Three main segments were identified in the informal sector workforce. The first segment corresponds to the owners or employers of micro-enterprises including farmers who may employ a few workers and/or apprentices. They do not generally constitute a target group for trade union organizing activities but may benefit from trade union lobbying of governments and international organizations. The second segment comprises own-account workers, which is comprised of the nominally self-employed and street vendors and small farmers. It is the largest and most visible segment in the informal sector. Despite being nominally self-employed many workers in this segment are economically dependent on a single enterprise or a middleman for their survival. The third segment encompasses employees engaged in full-time or casual employment. It includes wage labourers working in micro-enterprises on a regular, casual or contract basis, unpaid workers, including family members and apprentices, homeworkers and paid domestic workers. The workforce in this segment is often physically hidden and therefore more difficult to locate, contact and organize.

Participants recognized that this classification did not fully convey the complexity of the sector but it provided a basis for the further development of policies. It was decided that trade union recruitment efforts should focus on both the second and third segments mentioned above.

1. Recommendations for trade unions

The substantial shift of the workforce into the informal sector raises significant questions for trade unions and represents for them one of the most crucial challenges of the present era. The major focus of the Symposium was on trade union strategies to organize these workers and better represent their interests.

Participants stressed that women and young people constitute two important target groups in the informal sector because they constitute the bulk of the labour force. It is clear that for unions to be credible and attractive to both women and young people in the informal sector, changes are required in union priorities and in particular instances in internal structures.

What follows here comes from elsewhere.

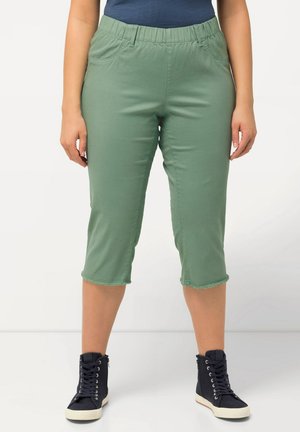 Jeans Shorts - light moss green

Unions have recorded some notable successes in organizing the informal sector in countries such as India, Ghana, South Africa, Argentina and Colombia. However, given the rapid and ongoing expansion of informal activities, the level of organization remains inadequate. In the past unions have experienced difficulty in organizing informal sector workers because they are often difficult to contact and because their needs are usually different from workers in the formal sector. This explains why up until recently in most countries, trade union activities and policies regarding informal workers have been fragmented. Because of these factors the level of success for unions from their past efforts in trying to organizing informal sector workers has often been disappointing. At a time when financial and human resources are very scarce, unions sometimes find it difficult to devote more attention to the informal sector.

Nevertheless, participants felt that the trade union movement had to adopt a longer term perspective and recognize that organizing the informal sector is critical if the trade union movement is to have a wide membership base and retain the capacity to protect workers. A century ago the trade union movement was created through organizing workers who confronted similar constraints and problems to those prevailing in the informal sector today. History would therefore suggest that workers in the informal activities can be successfully organized.

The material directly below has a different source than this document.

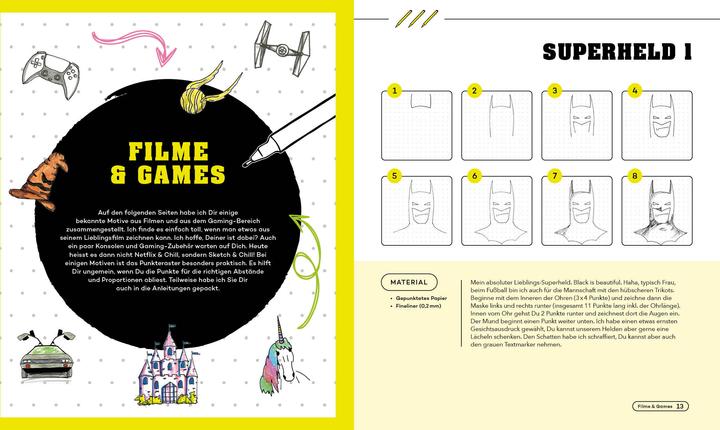 Actual product image Drawing in 5 minutes - 100 motifs from architecture to magic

However to successfully organize the unorganized today, unions must do more to accommodate the needs of informal sector workers through specially tailored activities. At the heart of the struggle to organize is the ability of trade unions to deliver tangible benefits and increased protection to workers in informal activities. Participants recommended that national trade union centres and affiliated organizations urgently review their own priorities, internal structures and resource allocation to determine whether sufficient attention is being devoted to the informal sector.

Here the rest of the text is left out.